Illustrative running example: Assuming N is 100M, the last level capacity NL is initialized as 50M to obtain corresponding size ratio set, {4, 4, 4, 2} with the dynamic programming algorithm described hereinbefore. Then, the number of runs {ni} is fine-tuned by varying k from 0.5 to 2 (note that ni=k√{square root over (ri)}), among which k=1 yields the minimum cost according to Equation 17. Hence, the optimal structure derived for NL=50M is characterized by the size ratio {4, 4, 4, 2} and k=1. Next, NL is increased from 50M to 99M by a step size (e.g., 1M) and the above procedure is repeated to search the desirable structure reaching minimum cost.
Moreover, the tractable structure adaptation presents satisfactory computation efficiency. It takes an average of 1.52 s, with a maximum of 4.43 s, to determine a desirable structure as N varies from 1 GB to 16 GB. Therefore, while Moose is designed for static workload tuning, the impressive computational efficiency of Smoose demonstrates that it can be employed in dynamic applications. Various example embodiments note that minor workload variations could be accommodated without adaptation and maintain sound performance. On the other hand, for substantial changes in workload, structural transformation or adjustment may be performed by using Smoose to modify capacities and run numbers at each level of the LSM-tree structure. In various example embodiments, for example, a lazy strategy (e.g., disclosed in Dingheng et al., “Learning to Optimize LSM-trees: Towards A Reinforcement Learning based Key-Value Store for Dynamic Workloads”, arXiv preprint arXiv:2308.07013 (2023)) may be utilized to reduce transformation or transition costs while maintaining competitive overall performance. In this regard, the lazy strategy employs a Reinforcement Learning framework to gradually amend the structure of the LSM-tree in order to reduce the transition cost.
Experimental evaluation of Moose and Smoose according to various example embodiments of the present invention under diverse workloads will now be presented. The outcomes indicate that both Moose and Smoose demonstrate remarkable competitiveness compared to various baselines. The experiments were conducted on a server equipped with an Intel® Xeon® W-2235 CPU at 3.80 GHz, 32 GB of DDR4 main memory, and a 512 GB SATA SSD, running a 64-bit Ubuntu 20.04 on an ext4 partition.

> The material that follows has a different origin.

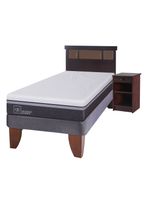 Cama Europea Ortopedic advanCama Europea 1.5 Plazas + Set Muebles New Dublín Chocolate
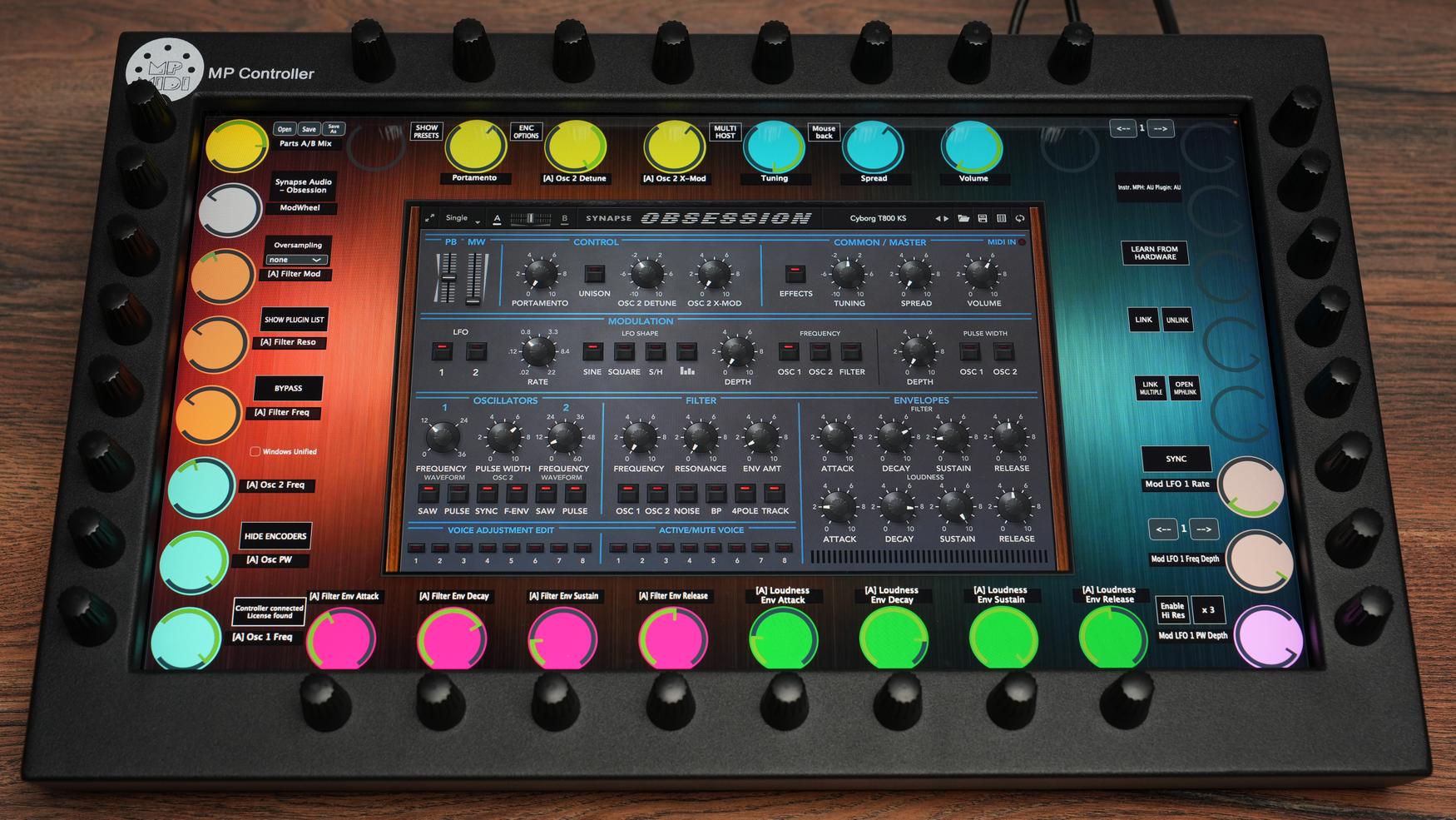 Synapse Audio Obsession Oberheim OB-Xa emulation on MP Controller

Implementation: Moose and Smoose are implemented on top of RocksDB by Meta (formerly Facebook), a well-known LSM-tree storage engine. The basic Bloom filter policy in RocksDB was extended to Monkey Filter policy for all the baselines, which allows the setting of a different bits-per-key at different levels. As for Moose (abbreviated as MSE), the default setting, NL=0.8N and ni=√{square root over (ri)} for run numbers, was employed while the size ratios ri was determined using dynamic programming.
Baselines: A comparative analysis of the Moose and Smoose methods against several conventional baseline approaches was conducted, which encompass Leveling (abbreviated as Lv), Tiering (abbreviated as Tr), Lazy-Leveling (abbreviated as LL), and QLSM-Bush (abbreviated as Bsh) (these conventional baseline approaches were also discussed hereinbefore with reference to Table 1 in FIG. 4). For Leveling, Tiering, and Lazy-Leveling, the size ratio T was set to 10, in accordance with the default size ratio of RocksDB. In the case of QLSM-Bush, T=2 and X=2 were employed, following the recommendations outlined in the original paper. The buffer size for all the baseline systems was set at 2 MB. Furthermore, a Bloom filter budget of 5 bits per key was allocated, in accordance with the default configuration in RocksDB.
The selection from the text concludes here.